Alegorías de un guion modesto
Fiel a sí mismo, Grigor repitió la hechura de su brebaje artístico en Vendimia de la identidad, con la nota irónica, quizá, del propio título del espectáculo. La identidad, acaso, se refiere aquí (con la complejidad filosófica que acarrea ese concepto) a lo idéntico. Hay entre sus tres propuestas mucho más de repetición que de variación. De hecho, lo distinto parece puesto en su fiesta más para subrayar lo igual que para cambiarlo.

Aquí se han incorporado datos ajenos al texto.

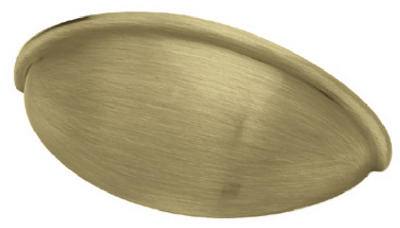 3" BRZ Plain Cup Pull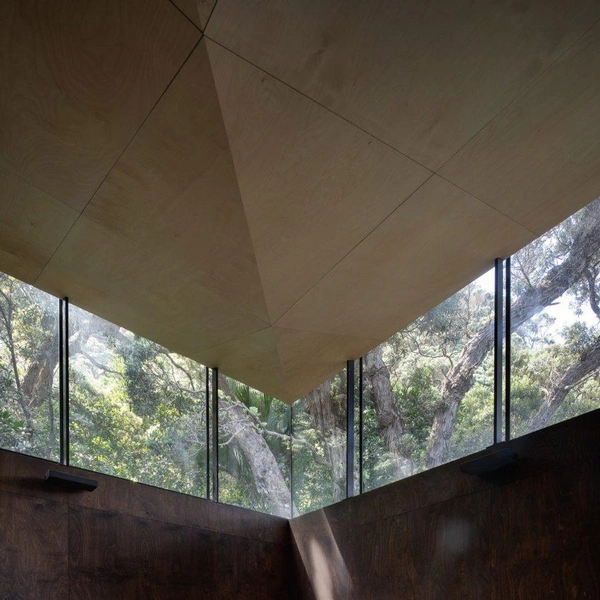 Дом в Новой Зеландии. Проект Herbst Architects | Источник: Патрик Рейнольдс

La excusa argumental, tan sencilla que se puede rematar en tres o cuatro frases, viene a contarnos en Vendimia de la identidad acerca de los aspectos que, se supone, conforman el “ADN de la sangre vendimial”. Para ello, se acumulan las alegorías: la de un Tiempo y una Identidad que narran (sin rigor cronológico, quizá porque el Tiempo es inimputable en este sentido) hechos tales como la huella huarpe en nuestra geografía, la gesta sanmartiniana, la confluencia de distintas corrientes inmigratorias.
Encandilar y aturdir
Pero, como quedó dicho, lo argumental es meramente una excusa. No hay, si uno se fija en lo que las fiestas de Grigor han dado de sí, un interés narrativo genuino. Es decir, no es la historia lo que importa. Lo que importa para Grigor es conseguir alguna clase de impacto emotivo, y para ello echa mano siempre a los mismos recursos: encandilar y aturdir, como si por esa vía pudiera conseguirse un embotamiento cuasi alucinógeno en los espectadores que concluya, necesariamente, en un aplauso cerrado que se supone habrá de ser traducido como una ratificación incuestionable del logro de su propuesta.
Luces deslucidas
En Vendimia de la identidad, los aspectos que intentaron ese objetivo fueron, especialmente, las luces y la música. En el primer caso, la tecnología cada vez más accesible resulta un arma que puede herir al que la blande si este no es un buen espadachín. Como es el caso: la impronta visual de Israel Pérez Hugas no resultó más que lograda en momentos puntuales, cuando como espectador se conseguía, con esfuerzo, extirpar alguno de los cuadros de las cajas lumínicas o de los Led del contexto de la fiesta. Porque en función de la misma (que es, valga la redundancia, su función), el juego de colores y contrastes se anulaban a sí mismos por efectos de la acumulación. Las pantallas gigantes y las cajas lumínicas, por lo general, funcionaban de manera simultánea y eso era equivalente a un chirrido visual en el que el brillo de los Led desentonaba con el delicado color de las cajas, una vez más diseñadas por un experto en ellas, Eduardo González.
Sin equilibrio
Pero el aspecto visual, vale decirlo, no estaba apoyado sólo en las luces, sino también en el ir y venir de los actores y los bailarines en escena. De cómo un director los disponga sobre el escenario y los haga interactuar con la música y las luces depende en gran medida el valor plástico del espectáculo. En este caso, ese logro fue intermitente. Quizá el momento inicial de los huarpes y el de la irrupción de los inmigrantes (con unas bellas siluetas de utilería) pueden estar entre los cuadros más logrados. En el resto, hubo por lo general dispersión, desequilibrio o acumulación voraz en pos del impacto de las multitudes, como en el cierre con el malambo. Hubo también arrestos metafóricos más que pobres, entre los que el “eslabón” de utilería instalado en el medio del escenario vale como buen mal ejemplo. Y hubo algo notable: se vio aquí una de las más olvidables presentaciones coreográficas en Vendimia de los últimos tiempos.
A otro nivel
El otro aspecto al que apostó Grigor, el sonoro, en todas sus dimensiones, merece un análisis particular. En lo que se refiere a la capa de la calidad del sonido (con las fallas de corte de sonido que hubo en algunas de las funciones), no hubo casi matices. Las voces en off (del imponente Rafael Rodríguez y de Silvia del Castillo, especialmente) estuvieron impecables, aunque se “pisaron” de a ratos con la irrupción del sonido de la orquesta en vivo.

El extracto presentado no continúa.